Des exigences élevées

Des exigences minimales légales sont définies pour les vibrations et les bruits solidiens dans la EVBSR*. Pour l’immeuble de standing de l’Europaallee, le maître d’ouvrage est parti d’une valeur cible maximale de 33 décibels (dBA) pour un passage de train – ce qui correspond à peu près au bruit d’une installation de ventilation moderne. «L’assise élastique du bâtiment va nous permettre d’atteindre cette valeur», déclare Thomas, convaincu. Il est 9 h 00, c’est l’heure de la pause-café, le chantier se vide. Le silence se fait soudain.
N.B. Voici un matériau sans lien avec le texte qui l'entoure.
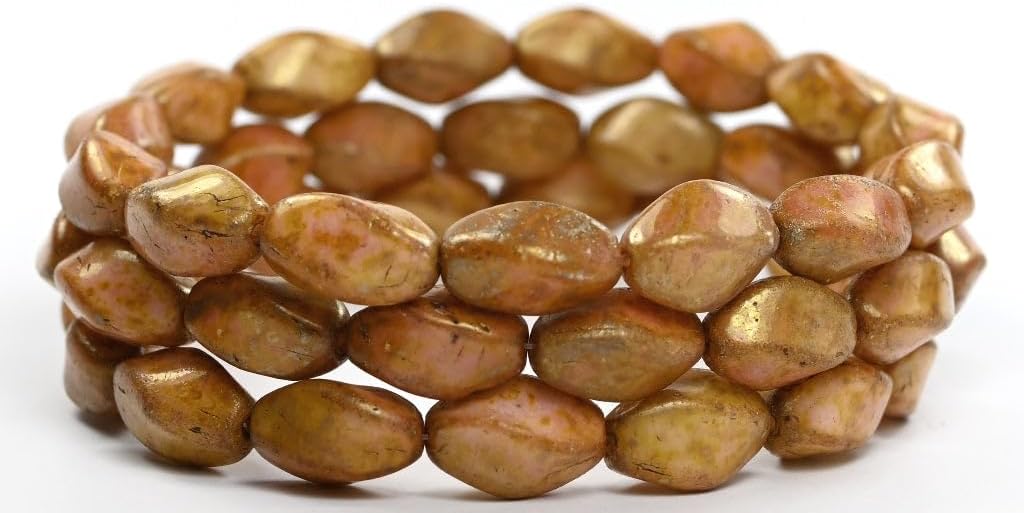 60 pcs Pressed Beads Oval Color 2 (Color-2), 16 x 11 mm, Glass, Czech Republic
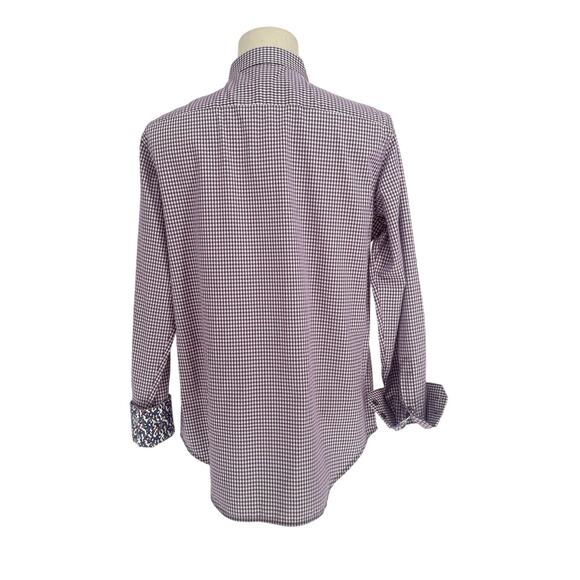 Robert Graham Woven Button Front Long Sleeve Casual Shirt Purple White Check M - Picture 2 of 9
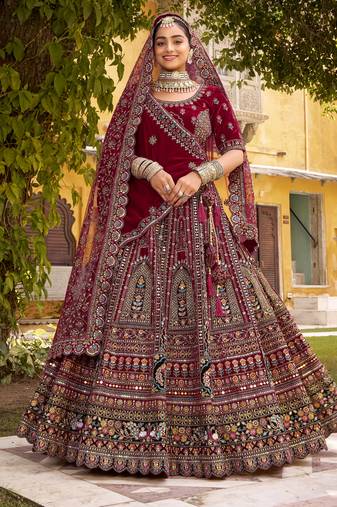 Exclusive Maroon Bridal Lehenga – Premium Velvet – Multi Embroidery – 5m Grand Flair – Designer Double Dupatta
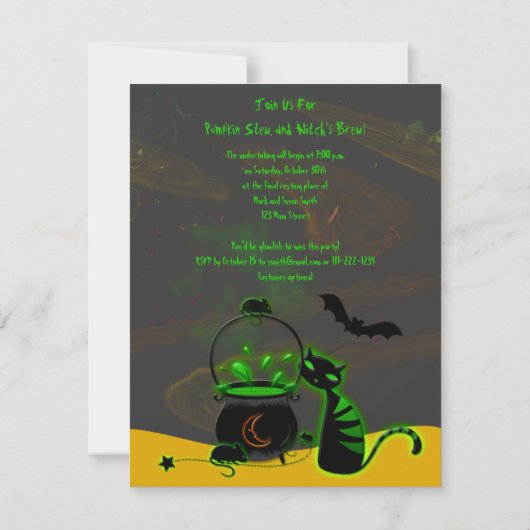 Bubbling Cauldron Halloween Party Invitation Kaart (Achterkant)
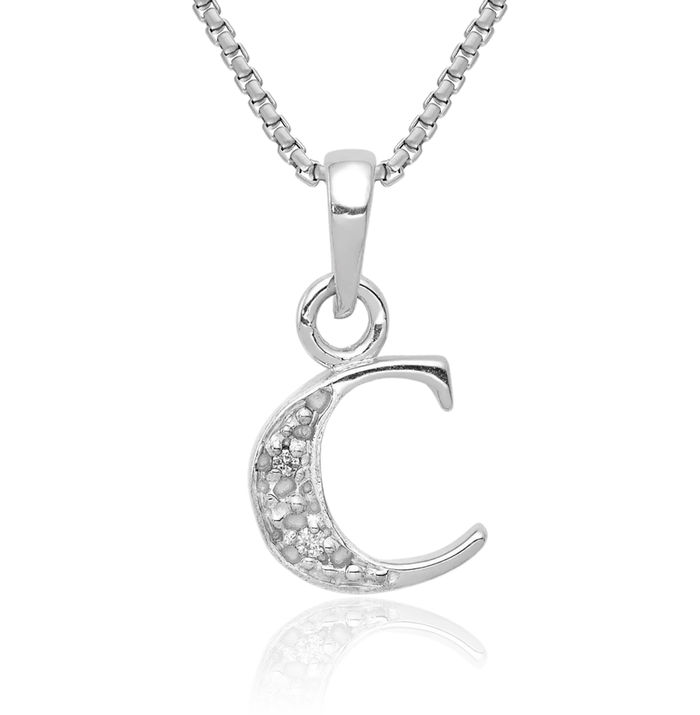 14K Solid White Gold Diamond Dainty Letter C Initial Name Monogram Necklace Chain Pendant Charm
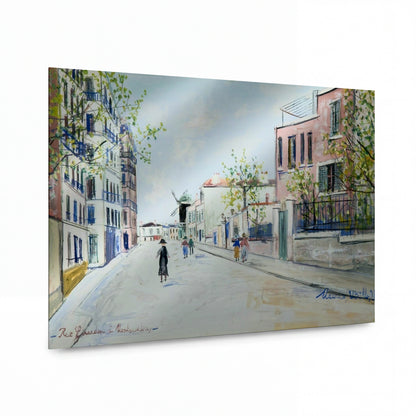 Obraz Maurice Utrillo — Girardon Street at Montmartre — umělecká reprodukce na hliníku — umělecká reprodukce na hliníku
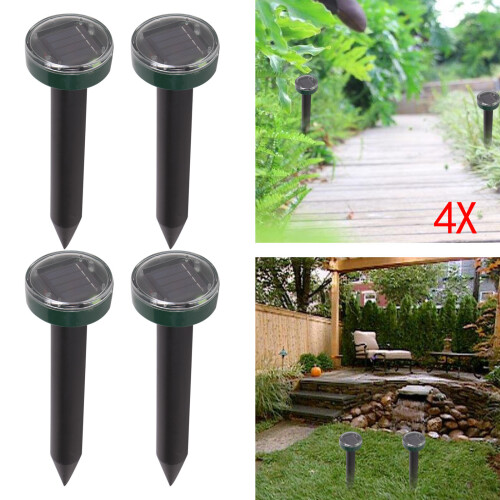 4x Solar Ultrasonic Mice Rat Repellent Fox Pest Scarer Deterrent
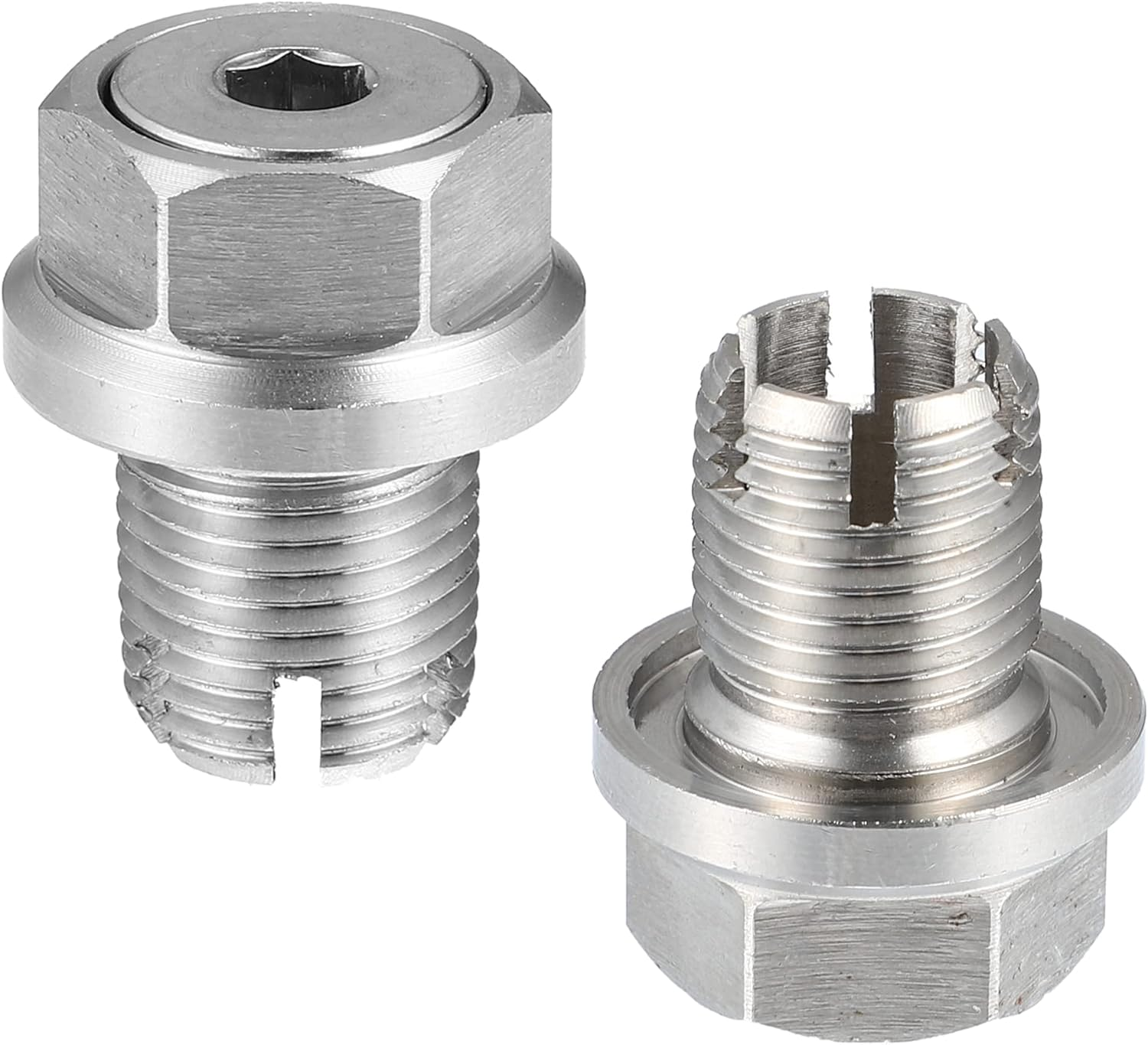 X AUTOHAUX 1 Set M14.1-1.25 X 15Mm Oversize Piggyback Oil Drain Plug Stainless Steel Self Tapping Oil Pan Thread Repair Kit for Car Motorcycle Silver Tone image number 4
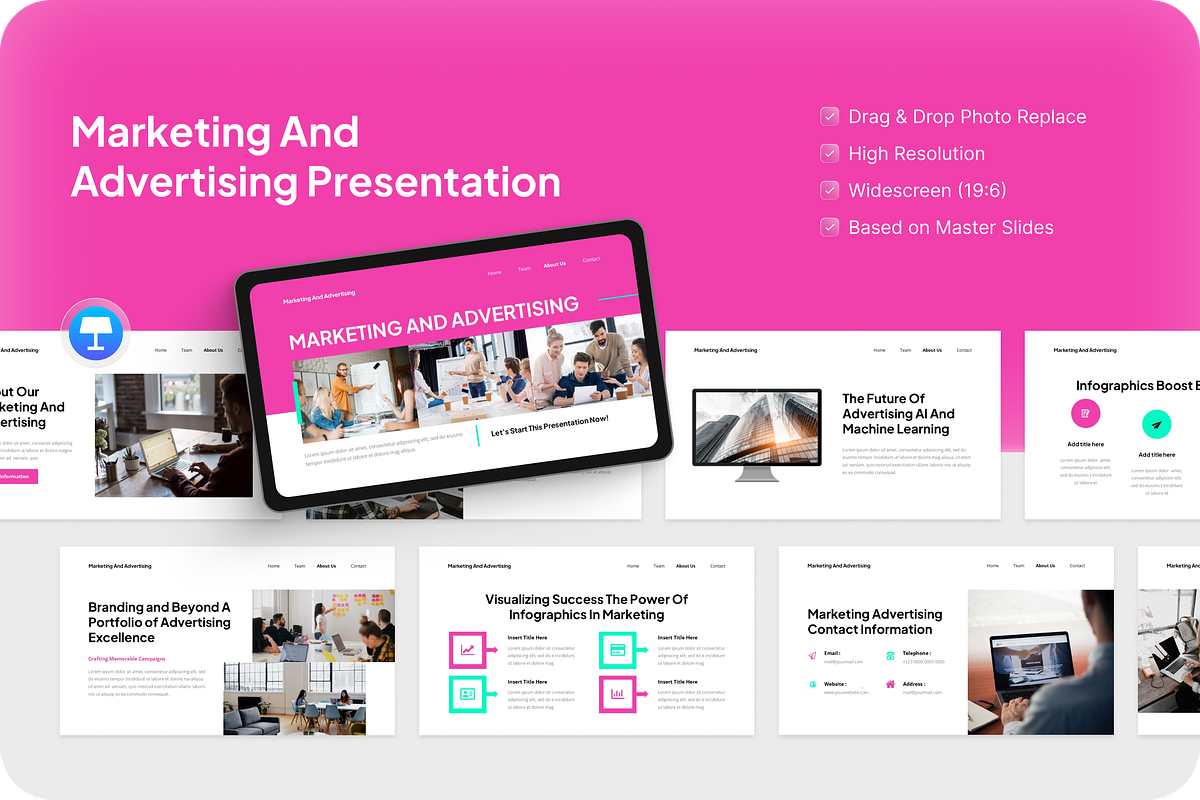 Marketing & Advertising Keynote, a Presentation Template by Annora Studio (Photo 1 of 5)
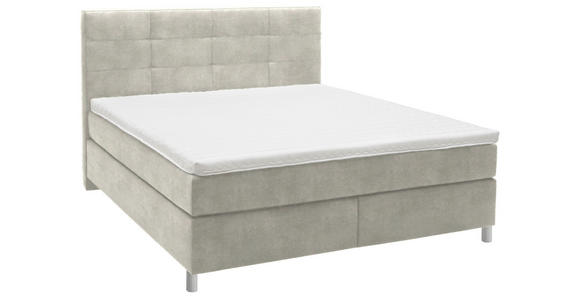 BOXSPRINGBETT 160/200 cm in Ecru - Chromfarben/Ecru, KONVENTIONELL, Kunststoff/Textil (160/200cm) - Voleo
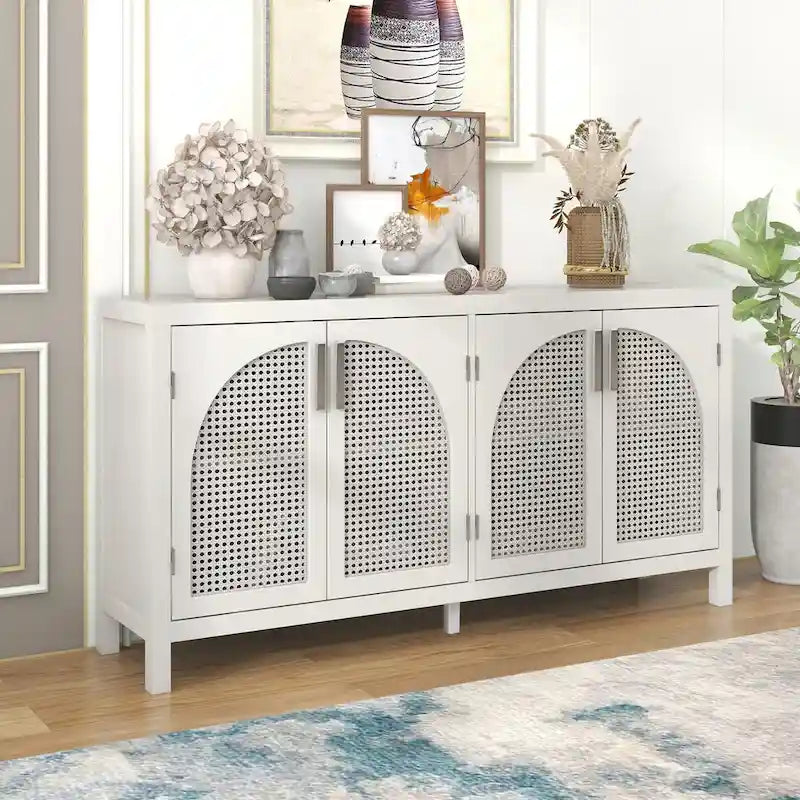 Buffet avec porte en rotin synthétique et poignées en métal – 120L x 30P x 80H cm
On perçoit à présent les bruits de la ville, la musique d’une radio dans un café, des éclats de rire, le son strident des voies. «Nous attendons avec impatience les premières mesures des vibrations sur le radier», déclare Adriano. «La fiabilité de nos pronostics pourra alors être évaluée à partir de repères concrets.»

* Office fédéral de l’environnement, des forêts et du paysage (OFEFP, aujourd’hui OFEV) (1999): Directive pour l’évaluation des vibrations et du bruit solidien des installations de transport sur rails.